Based on the different types of users and Analytics the Self-Service library will serve, the final delivery model may take slightly different shapes.  In some cases, the same data may be represented in different ways for different types of users or usage; for example, a casual user might need a highly denormalized view with drag-and-drop simplicity of usage, while a data scientist may need more modular data assets to combine in less common ways for Predictive Analytics.  With a virtual model, there is no additional cost to making both objects available to users, though the distinct intentions of each should be clearly identified via meaningful metadata, typically supported by an access model that hides the less business-friendly views from less technical consumers.
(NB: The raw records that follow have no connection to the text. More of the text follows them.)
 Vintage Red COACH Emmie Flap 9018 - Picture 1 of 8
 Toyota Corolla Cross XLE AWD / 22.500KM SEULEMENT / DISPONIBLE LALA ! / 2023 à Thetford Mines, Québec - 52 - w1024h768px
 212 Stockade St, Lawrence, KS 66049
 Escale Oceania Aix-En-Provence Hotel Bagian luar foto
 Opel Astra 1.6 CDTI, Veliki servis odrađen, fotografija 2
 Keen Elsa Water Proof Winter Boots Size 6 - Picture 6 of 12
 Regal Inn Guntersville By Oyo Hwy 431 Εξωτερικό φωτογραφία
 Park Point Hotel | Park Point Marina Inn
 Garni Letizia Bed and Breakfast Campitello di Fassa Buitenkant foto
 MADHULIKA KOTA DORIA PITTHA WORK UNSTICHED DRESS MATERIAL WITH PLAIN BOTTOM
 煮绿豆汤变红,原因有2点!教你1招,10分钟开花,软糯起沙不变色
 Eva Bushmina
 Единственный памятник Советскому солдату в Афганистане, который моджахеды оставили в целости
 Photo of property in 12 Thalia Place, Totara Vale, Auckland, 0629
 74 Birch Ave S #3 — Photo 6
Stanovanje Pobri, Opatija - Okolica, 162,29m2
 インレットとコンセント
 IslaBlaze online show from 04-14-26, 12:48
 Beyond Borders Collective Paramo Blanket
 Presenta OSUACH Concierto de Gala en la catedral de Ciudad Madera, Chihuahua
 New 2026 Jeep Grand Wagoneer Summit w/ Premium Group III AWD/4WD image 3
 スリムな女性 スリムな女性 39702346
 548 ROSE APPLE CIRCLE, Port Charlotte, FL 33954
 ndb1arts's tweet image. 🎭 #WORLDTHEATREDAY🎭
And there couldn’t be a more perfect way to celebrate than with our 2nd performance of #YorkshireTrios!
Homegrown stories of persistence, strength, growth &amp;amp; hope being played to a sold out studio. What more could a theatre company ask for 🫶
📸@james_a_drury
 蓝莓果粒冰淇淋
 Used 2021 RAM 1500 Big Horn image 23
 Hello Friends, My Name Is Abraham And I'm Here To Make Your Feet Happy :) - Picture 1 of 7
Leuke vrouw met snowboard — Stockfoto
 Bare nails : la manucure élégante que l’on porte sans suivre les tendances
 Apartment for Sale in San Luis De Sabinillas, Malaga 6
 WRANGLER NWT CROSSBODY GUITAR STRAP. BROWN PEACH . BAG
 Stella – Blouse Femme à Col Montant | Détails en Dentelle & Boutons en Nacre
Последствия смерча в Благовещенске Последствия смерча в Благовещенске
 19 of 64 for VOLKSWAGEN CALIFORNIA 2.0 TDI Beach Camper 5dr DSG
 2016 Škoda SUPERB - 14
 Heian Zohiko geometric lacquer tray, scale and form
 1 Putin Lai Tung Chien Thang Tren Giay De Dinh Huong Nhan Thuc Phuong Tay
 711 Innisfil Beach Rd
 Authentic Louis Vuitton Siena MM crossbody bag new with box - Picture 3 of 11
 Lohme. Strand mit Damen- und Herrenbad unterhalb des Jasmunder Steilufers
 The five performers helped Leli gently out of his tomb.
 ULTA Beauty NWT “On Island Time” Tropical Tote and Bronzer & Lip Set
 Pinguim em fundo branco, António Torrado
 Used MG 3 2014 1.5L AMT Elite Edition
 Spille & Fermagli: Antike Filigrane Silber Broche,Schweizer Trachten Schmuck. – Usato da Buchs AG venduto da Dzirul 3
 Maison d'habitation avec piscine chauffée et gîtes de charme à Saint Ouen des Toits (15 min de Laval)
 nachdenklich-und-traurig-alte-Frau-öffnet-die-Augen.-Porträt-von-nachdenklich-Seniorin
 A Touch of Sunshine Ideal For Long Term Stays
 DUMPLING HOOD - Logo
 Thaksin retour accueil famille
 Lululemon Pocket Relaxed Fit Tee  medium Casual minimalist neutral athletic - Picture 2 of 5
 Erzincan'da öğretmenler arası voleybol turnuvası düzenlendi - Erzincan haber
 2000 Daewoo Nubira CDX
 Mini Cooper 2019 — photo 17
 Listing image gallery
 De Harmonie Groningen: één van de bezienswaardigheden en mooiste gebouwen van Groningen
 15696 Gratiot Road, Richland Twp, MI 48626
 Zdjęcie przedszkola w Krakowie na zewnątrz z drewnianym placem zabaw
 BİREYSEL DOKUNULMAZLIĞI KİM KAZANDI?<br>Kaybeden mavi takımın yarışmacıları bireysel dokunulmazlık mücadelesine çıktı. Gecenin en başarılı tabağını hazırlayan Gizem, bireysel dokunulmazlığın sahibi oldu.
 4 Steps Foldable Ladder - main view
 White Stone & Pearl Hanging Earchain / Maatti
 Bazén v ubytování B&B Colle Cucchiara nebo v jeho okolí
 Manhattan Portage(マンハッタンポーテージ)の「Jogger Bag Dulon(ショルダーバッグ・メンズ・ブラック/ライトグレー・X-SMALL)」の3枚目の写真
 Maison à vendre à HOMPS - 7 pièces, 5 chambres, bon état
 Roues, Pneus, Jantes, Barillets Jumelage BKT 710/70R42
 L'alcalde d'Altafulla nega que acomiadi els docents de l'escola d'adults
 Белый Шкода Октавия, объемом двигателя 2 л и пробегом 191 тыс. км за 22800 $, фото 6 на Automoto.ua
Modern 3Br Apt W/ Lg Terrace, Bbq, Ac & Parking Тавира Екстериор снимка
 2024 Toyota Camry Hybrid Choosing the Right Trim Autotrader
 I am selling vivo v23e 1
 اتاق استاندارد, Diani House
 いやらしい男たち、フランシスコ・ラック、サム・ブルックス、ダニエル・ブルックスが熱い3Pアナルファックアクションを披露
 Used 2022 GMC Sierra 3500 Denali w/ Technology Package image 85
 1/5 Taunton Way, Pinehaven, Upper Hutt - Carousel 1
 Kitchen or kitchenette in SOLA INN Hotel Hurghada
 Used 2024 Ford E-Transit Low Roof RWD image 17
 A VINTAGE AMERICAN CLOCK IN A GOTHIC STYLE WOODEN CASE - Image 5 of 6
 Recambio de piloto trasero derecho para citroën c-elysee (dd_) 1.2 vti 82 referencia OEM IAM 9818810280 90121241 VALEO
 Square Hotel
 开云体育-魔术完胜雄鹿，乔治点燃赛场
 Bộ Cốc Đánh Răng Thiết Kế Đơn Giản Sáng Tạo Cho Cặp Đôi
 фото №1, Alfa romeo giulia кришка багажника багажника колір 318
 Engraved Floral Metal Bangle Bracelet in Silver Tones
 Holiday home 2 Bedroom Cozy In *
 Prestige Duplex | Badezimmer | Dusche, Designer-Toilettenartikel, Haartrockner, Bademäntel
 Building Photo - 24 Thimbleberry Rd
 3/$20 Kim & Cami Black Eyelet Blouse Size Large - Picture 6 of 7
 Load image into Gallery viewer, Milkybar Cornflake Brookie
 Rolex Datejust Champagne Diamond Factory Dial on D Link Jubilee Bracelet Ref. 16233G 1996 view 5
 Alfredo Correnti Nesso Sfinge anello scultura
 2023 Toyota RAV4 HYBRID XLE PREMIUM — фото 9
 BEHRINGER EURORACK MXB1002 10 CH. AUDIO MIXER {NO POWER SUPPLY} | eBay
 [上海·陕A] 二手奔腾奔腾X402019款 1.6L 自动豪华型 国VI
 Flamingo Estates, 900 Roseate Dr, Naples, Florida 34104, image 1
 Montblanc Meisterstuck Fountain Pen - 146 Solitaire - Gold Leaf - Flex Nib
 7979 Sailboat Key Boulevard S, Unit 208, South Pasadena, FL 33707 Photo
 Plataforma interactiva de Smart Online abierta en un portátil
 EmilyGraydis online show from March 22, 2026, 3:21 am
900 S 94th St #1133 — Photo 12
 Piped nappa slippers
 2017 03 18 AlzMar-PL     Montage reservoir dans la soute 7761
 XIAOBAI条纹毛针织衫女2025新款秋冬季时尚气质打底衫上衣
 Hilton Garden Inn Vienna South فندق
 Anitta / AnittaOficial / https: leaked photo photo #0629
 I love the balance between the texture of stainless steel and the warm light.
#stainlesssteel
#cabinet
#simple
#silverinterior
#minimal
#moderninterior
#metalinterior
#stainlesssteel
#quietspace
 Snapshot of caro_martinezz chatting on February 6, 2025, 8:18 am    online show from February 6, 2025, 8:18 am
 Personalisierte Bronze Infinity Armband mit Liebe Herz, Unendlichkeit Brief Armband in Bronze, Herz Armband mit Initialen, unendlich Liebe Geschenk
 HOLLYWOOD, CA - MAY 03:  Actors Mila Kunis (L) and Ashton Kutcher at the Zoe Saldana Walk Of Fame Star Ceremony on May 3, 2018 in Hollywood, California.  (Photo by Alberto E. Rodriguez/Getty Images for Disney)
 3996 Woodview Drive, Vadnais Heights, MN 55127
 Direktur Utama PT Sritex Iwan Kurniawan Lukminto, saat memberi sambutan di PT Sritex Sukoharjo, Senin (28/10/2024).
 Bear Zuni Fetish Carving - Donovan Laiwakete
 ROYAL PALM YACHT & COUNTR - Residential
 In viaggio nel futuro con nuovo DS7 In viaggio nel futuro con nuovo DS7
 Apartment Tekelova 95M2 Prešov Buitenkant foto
  • Organizing Data Assets by usage pattern first, then by bounded domains makes it easier to isolate objects based on the type of Analytics they are intended for.  In this model, business area isolation can be managed by metadata and/or security, if appropriate, but encourages “cross-domain” Analytics, which can help spur innovation in the more complex categories.  This model, if strictly maintained, necessitates logical pointers or duplication of assets that do not need Analytic category specificity.
  • Organizing data assets at their coarsest level by bounded domains usually provides the most meaningful means of classification across all client tools.  This allows security to be applied easily based on business role, and for users to easily see the information most relevant to their job in one place.  In this model, more granular access would likely be needed to isolate Prescriptive and Cognitive Analytic Assets from the more common business-friendly Assets, but it encourages user skill growth by keeping everything in one place, and allows for easier reuse of assets that do not need Analytic category specificity.
  • A blend of both models would organize assets by bounded domain for casual and power users, with a separate section for objects intended for Data Science and more complex Analytics.  This allows isolation and organization while encouraging cross-unit usage, reducing the need for duplication or logical pointers.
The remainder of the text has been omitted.